On or about February 9, 2001, Defendants became Best Western members. At that time, Defendants entered into a Membership Application and Agreement (the "Agreement") with Best Western. As such, Defendants enjoyed the right to use Best Western's trade name, trademarks, service marks, logos and other similar identification symbols (the "Best Western Marks") in connection with the operation of a hotel that they owned known as the Madera Valley Inn, located in Madera, California (the "Hotel"). In addition to their right to use the Best Western Marks in connection with the Hotel, Best Western provided to Defendants various services, including a worldwide satellite reservation system and worldwide marketing campaigns, as well as the option to participate in collective purchasing of hotel services. Best Western employs a large number of employees worldwide, but mostly in Arizona, who provide Best Western's members with its hotel services.
Contained within the Agreement are "Application of Law and Choice of Forum" clauses. Exbt. A (doc. 7) at ¶¶ 37, 38. Under the Application of Law clause, the contract states:
This Membership Application and Agreement shall be governed and construed according to the laws of the State of Arizona, unless any obligations under this Membership Application and Agreement shall be invalid or unenforceable under such laws, in which event the laws of the jurisdiction whose law can apply to and validate the obligations under this Membership Application and Agreement shall apply. This Membership Application and Agreement shall be deemed executed in Phoenix, Arizona.Id. at ¶ 37. Under the Choice of Forum clause, the contract states:
Applicant acknowledges that Best Western is headquartered in Phoenix, Arizona, that the majority of Best Western's records and employees are in Phoenix, Arizona, and that Phoenix, Arizona is the most convenient locale for actions between Best Western and Applicant.Id. at ¶ 38.
On or about April 12, 2005, Best Western notified Defendants that their membership was terminated.
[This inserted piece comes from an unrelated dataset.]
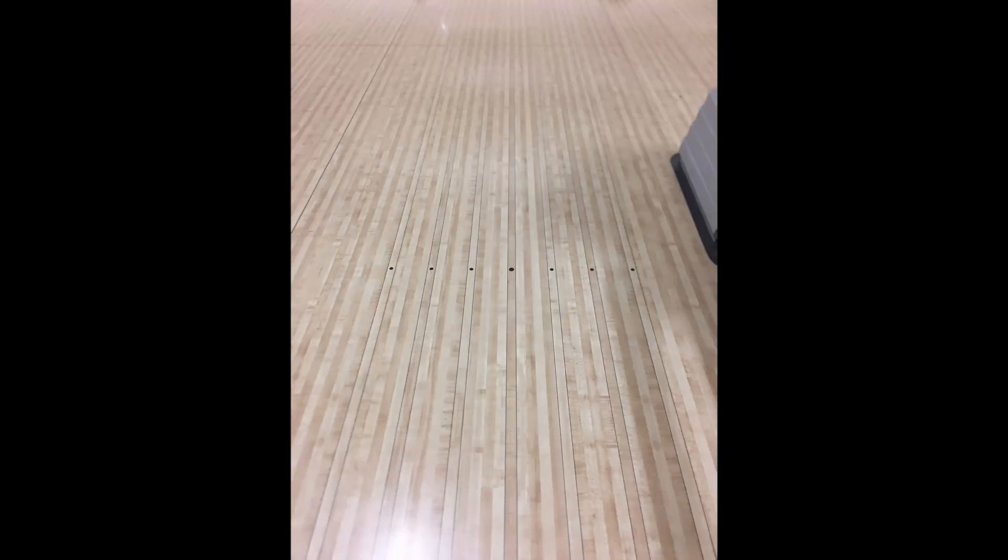Here's a closer shot of the bowling lanes. You can see on the lanes there are dots in front of you. I don't know that you can see them very well, but there are marks on there — I mentioned that in our last video.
Thereafter, on May 17, 2005, Best Western demanded that Defendants pay certain amounts that allegedly remained due and owing to Best Western after the termination of Defendants' membership, which represented certain fees, dues and charges imposed on Defendants as Best Western members, as well as the costs of goods and services provided by or through Best Western, including interest.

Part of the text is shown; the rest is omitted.